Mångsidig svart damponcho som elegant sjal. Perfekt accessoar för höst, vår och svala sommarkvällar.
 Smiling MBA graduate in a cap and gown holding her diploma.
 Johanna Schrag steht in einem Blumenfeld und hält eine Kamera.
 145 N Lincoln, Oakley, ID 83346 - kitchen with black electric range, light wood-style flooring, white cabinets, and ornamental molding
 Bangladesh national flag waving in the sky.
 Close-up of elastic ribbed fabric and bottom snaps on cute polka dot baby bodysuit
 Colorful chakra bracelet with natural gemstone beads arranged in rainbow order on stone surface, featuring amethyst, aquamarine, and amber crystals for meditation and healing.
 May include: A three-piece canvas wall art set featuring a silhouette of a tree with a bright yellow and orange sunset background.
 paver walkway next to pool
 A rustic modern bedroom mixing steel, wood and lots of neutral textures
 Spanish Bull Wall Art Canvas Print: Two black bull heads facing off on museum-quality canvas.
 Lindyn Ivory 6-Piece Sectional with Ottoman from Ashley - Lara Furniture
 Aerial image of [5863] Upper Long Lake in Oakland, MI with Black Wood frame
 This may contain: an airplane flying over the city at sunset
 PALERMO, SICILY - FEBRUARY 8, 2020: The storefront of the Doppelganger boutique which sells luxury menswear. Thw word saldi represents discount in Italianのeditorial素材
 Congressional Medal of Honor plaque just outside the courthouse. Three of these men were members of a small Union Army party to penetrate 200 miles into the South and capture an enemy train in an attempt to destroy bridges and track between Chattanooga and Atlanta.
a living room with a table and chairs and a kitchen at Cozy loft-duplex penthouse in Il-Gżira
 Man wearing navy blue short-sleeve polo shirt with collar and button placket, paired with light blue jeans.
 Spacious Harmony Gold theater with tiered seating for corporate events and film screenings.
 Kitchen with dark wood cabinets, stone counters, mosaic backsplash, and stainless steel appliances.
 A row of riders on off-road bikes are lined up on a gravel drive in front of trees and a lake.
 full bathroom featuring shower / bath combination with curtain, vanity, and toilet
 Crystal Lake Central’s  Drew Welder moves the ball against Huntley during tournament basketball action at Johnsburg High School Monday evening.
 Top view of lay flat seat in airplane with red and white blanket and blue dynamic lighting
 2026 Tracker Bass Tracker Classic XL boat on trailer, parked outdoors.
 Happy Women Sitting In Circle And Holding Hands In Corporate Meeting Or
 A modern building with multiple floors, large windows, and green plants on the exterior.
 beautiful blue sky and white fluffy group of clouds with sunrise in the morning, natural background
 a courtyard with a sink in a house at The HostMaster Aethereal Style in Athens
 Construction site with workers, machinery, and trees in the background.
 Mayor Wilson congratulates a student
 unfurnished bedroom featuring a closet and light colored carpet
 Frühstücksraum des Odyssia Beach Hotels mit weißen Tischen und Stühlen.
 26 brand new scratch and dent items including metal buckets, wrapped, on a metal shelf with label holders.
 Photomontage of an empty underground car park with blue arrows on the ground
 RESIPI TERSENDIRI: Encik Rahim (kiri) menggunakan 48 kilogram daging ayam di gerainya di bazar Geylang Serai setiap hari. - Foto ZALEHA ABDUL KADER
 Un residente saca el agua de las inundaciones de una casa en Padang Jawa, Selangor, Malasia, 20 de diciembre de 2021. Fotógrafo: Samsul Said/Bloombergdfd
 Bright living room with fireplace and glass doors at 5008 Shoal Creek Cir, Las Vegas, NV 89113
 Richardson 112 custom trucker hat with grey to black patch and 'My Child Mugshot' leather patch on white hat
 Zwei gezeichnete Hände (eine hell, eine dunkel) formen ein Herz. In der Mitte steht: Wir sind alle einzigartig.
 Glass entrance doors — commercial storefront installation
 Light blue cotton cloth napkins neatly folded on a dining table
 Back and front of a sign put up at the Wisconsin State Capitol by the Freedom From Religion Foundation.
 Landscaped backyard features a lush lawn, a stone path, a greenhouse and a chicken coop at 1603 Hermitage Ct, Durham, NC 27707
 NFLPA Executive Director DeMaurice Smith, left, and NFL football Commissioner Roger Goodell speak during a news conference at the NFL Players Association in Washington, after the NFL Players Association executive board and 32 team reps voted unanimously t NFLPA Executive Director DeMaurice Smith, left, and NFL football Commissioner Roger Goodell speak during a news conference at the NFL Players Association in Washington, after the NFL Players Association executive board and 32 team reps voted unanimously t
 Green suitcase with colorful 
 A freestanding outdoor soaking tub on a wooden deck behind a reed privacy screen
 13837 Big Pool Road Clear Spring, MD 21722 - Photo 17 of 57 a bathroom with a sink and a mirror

▶ [WHAT YOU WILL DO] Lines with the string "steht": say how many appear in the entries above, giving the number alone.

▶ [TASK OUTPUT] 2